そこで勝訴するためには適切に主張を行うとともに、主張内容を補強する証拠が必要となります。
示談や調停がスムーズに進まず決裂した場合の裁判の進め方
交通事故後、示談が不成立になった場合には、調停や裁判などの手続きを検討しなければなりません。弁護士に依頼せず、調停やADRを利用しても解決できなければ、最終的に裁判するしか解決方法がなくなります。
交通事故で裁判になった場合、どのようなことに注意が必要か説明します。
法的な主張を行う必要がある
裁判では、裁判官は法律に従って判断します。
※自分の主張を認めてほしければ、法的に正しい主張をしなければなりません。
「こんなに痛いのに」「加害者が嘘をついている」「加害者が悪い」などと言っても、法的な意味を持たない主張であればすべて排斥されます。
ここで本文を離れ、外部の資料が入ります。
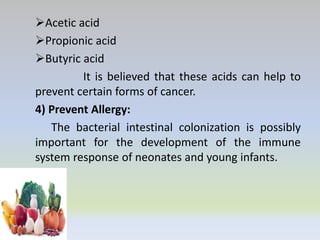 Acetic acid
Propionic acid
Butyric acid
It is believed that these acids can help to
prevent certain forms of cancer.
4) Prevent Allergy:
The bacterial intestinal colonization is possibly
important for the development of the immune
system response of neonates and young infants.
 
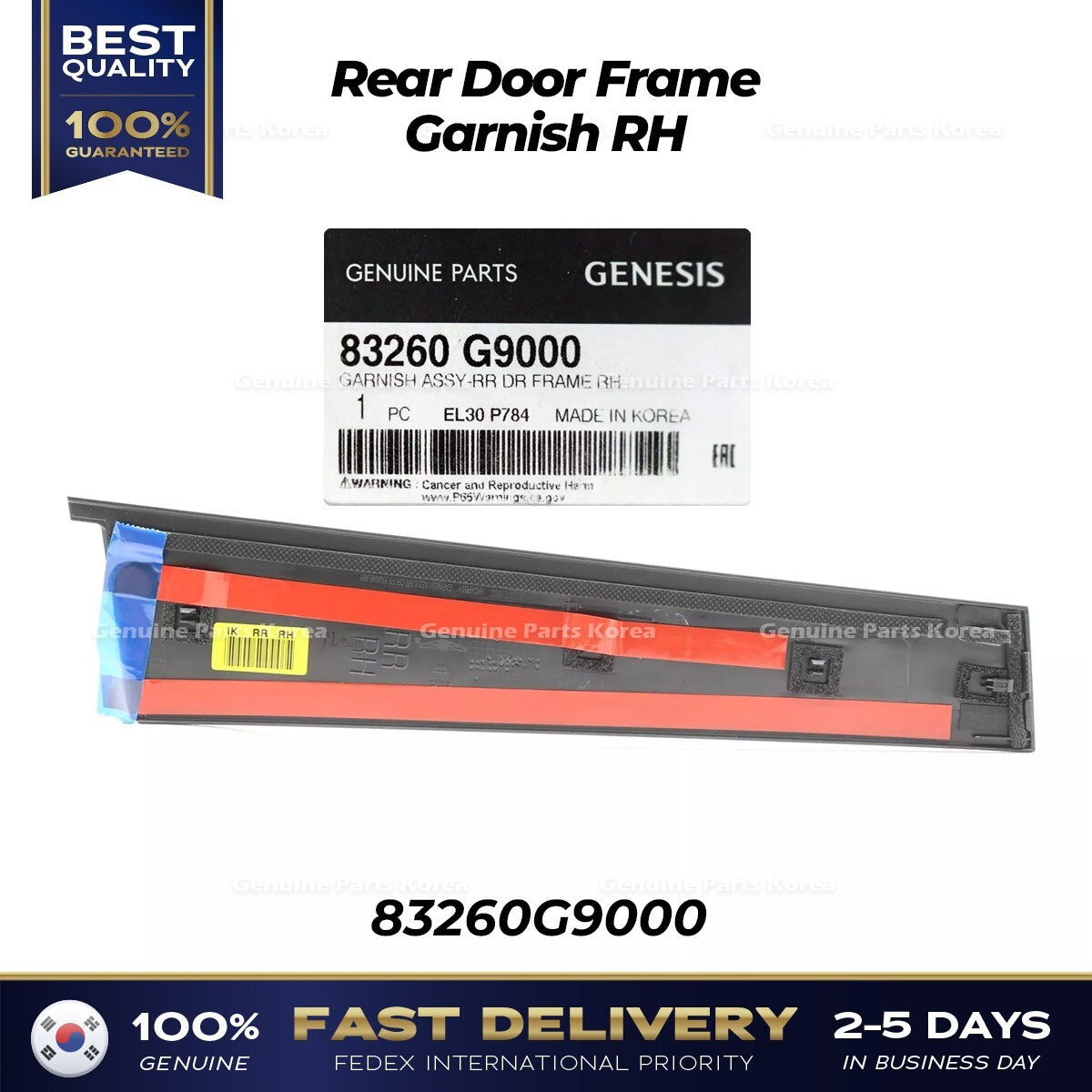 Genuine Rear Door Frame Garnish RH 83260G9000 for Hyundai Genesis G70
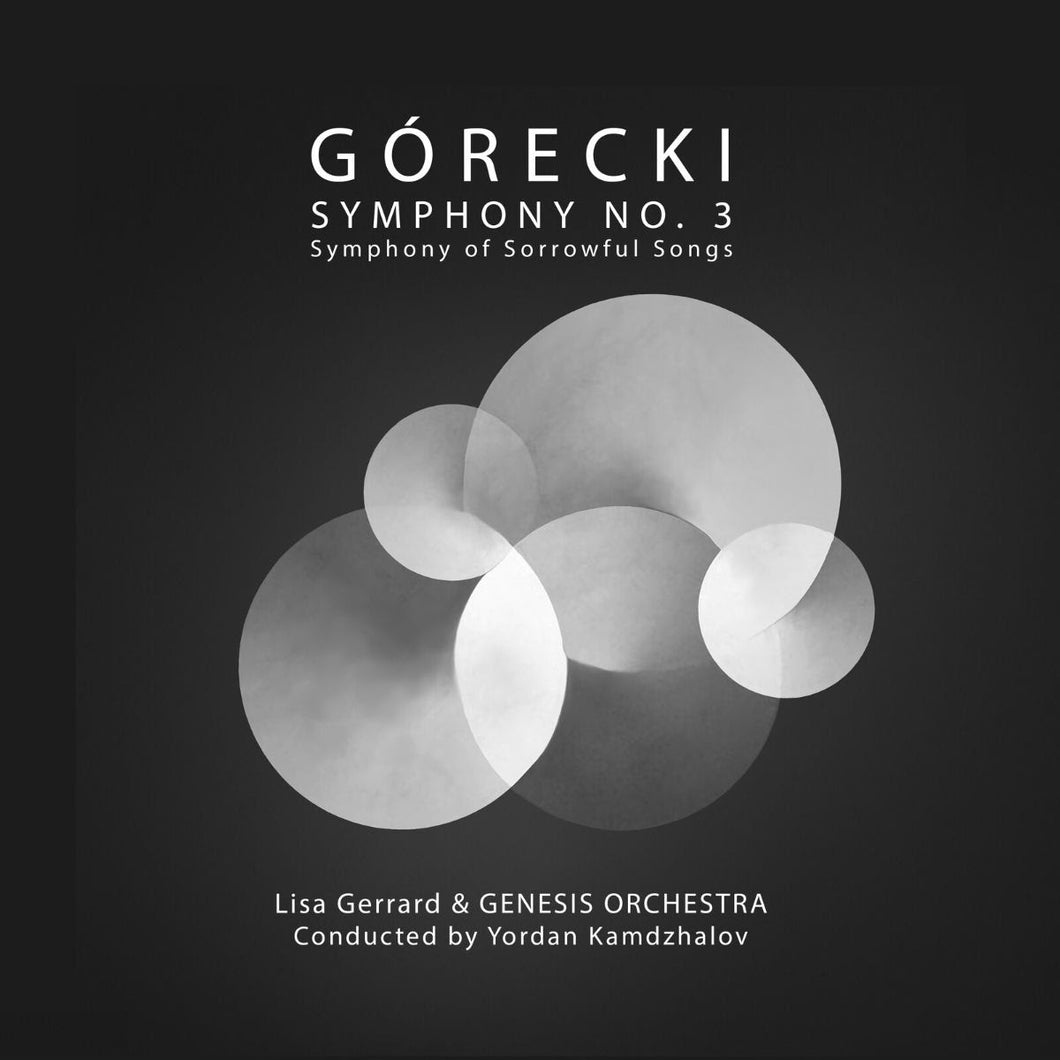 Lisa Gerrard, The Genesis Orchestra & Yordan Kamdzhalov - Gorecki: Symphony No. 3 - Symphony of Sorrowful Songs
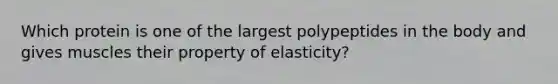 Which protein is one of the largest polypeptides in the body and gives muscles their property of elasticity?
裁判官は、同情では判決を書いてくれないのです。
※被害者側に有利な判決を得たければ、法律の考え方や基準を正しく理解した上で、それに従った対応が必要となります。
証拠が必要
裁判は「証拠主義」です。いくらそれらしき事実であっても、証拠によって立証されていなければ認められません。
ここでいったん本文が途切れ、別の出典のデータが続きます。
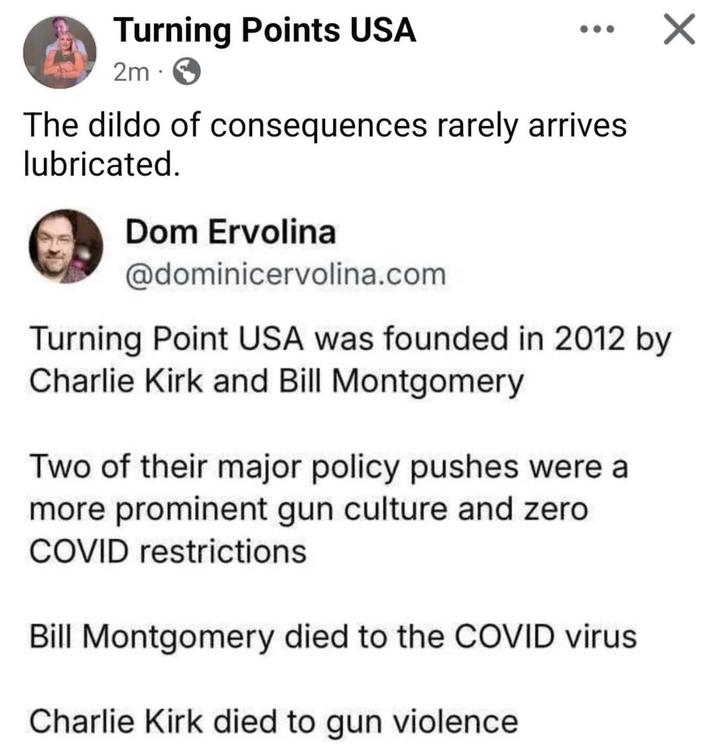 Turning Points USA 2m. The dildo of consequences rarely arrives lubricated. Dom Ervolina @dominicervolina.com Turning Point USA was founded in 2012 by Charlie Kirk and Bill Montgomery Two of their major policy pushes were a more prominent gun culture and zero COVID restrictions Bill Montgomery died to the COVID virus Charlie Kirk died to gun violence ✓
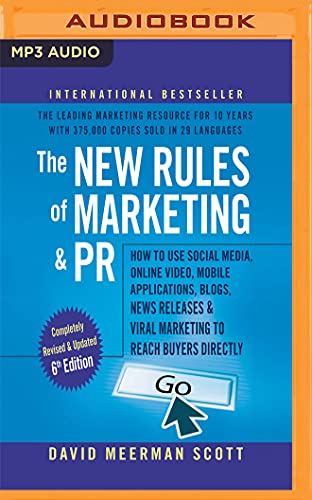 Stock image for The New Rules of Marketing & Pr: How to Use Social Media, Online Video, Mobile Applications, Blogs, New Releases, and Viral Marketing to Reach Buyers Directly for sale by Revaluation Books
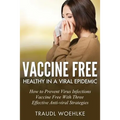 Vaccine Free Healthy in a Viral Epidemic: How to Prevent Virus Infections Vaccine-Free with Three Effective Antiviral Strategies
※自分の主張を認めてほしければ、それを立証できるだけの十分な資料を集めてくる必要があります。「どのような証拠が必要かわからない」「どうやって集めたらよいかわからない」状態では、裁判に負けてしまいます。
負けると示談以上の不利益が及ぶ
示談を決裂させて裁判を起こす場合、被害者は「加害者側の提案は不当で、到底受け入れられない」と考えているものです。ただし裁判をしたからといって、必ずしも相手の提示条件よりよくなるとは限りません。裁判は、基本的に勝つか負けるかで、0か100しかありません。示談交渉では、通常相手は0ではなく一定の提案をしているはずなので、
裁判で負けると示談以下の条件となってしまう可能性があります。
これを「敗訴リスク」と言いますが、裁判を起こすときには必ず敗訴リスクを理解しておく必要があります。
弁護士に依頼することが必須
裁判には法的な主張や的確な立証が必要であり、専門的な対応をしなければなりません。よって素人の方が1人で臨むと、大きく不利になってしまいます。特に相手に弁護士がついているのにこちらについていない場合、圧倒的に不利です。
★相手が保険会社の場合、ほぼ確実に弁護士をつけてくるので、こちらも裁判を起こすのであれば、必ず弁護士に依頼しましょう。弁護士にもいろいろな取扱い分野があるので、できるだけ「交通事故が得意」な弁護士を探し、現状を相談して依頼するのがよいでしょう。